• _REQUIRED ACTION_:
Each line below is to be copied exactly; images do not go into the copy.

• _DATA SHOWN_:
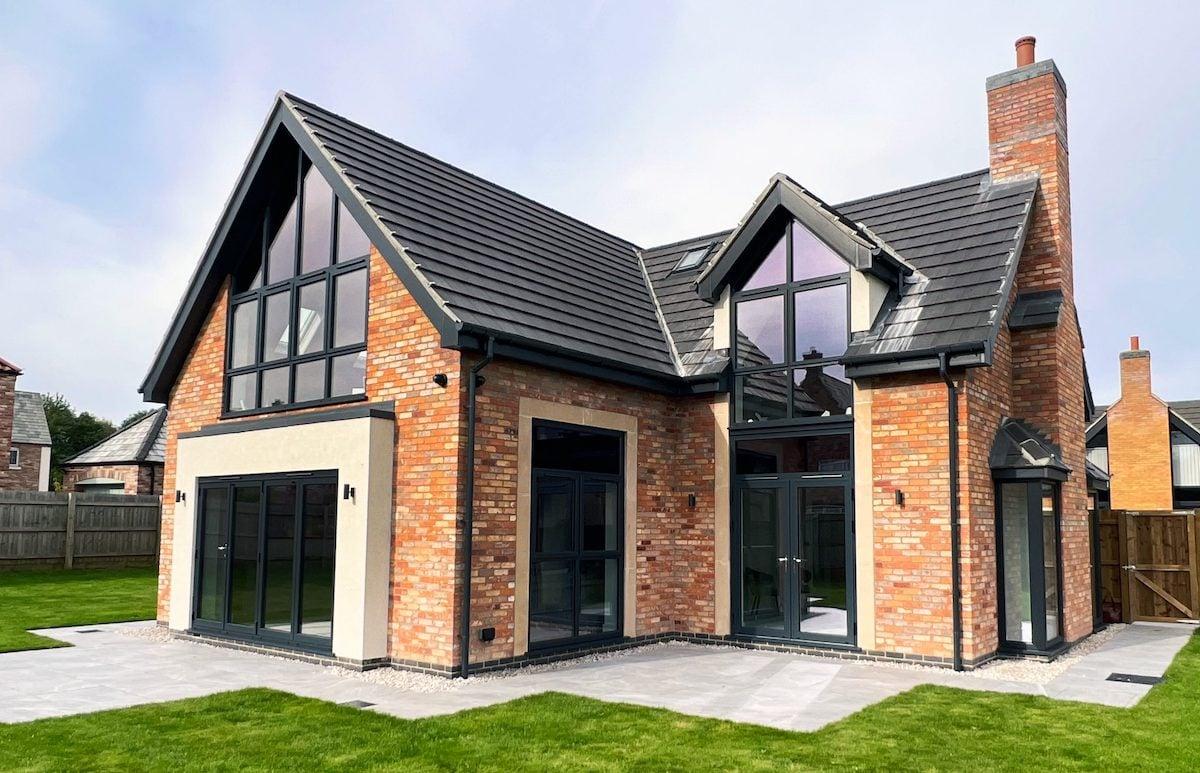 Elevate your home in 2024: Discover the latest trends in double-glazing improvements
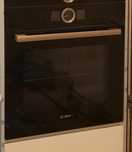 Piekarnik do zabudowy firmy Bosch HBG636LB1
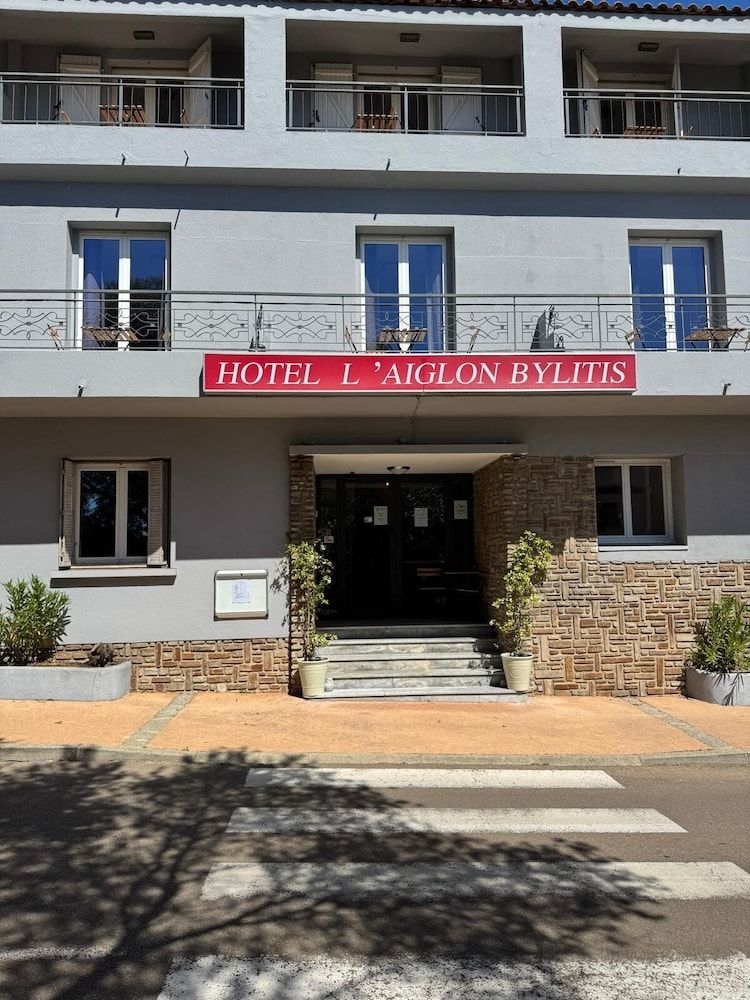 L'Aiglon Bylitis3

• _EXERCISE RESPONSE_:
 Elevate your home in 2024: Discover the latest trends in double-glazing improvements
 Piekarnik do zabudowy firmy Bosch HBG636LB1
 L'Aiglon Bylitis3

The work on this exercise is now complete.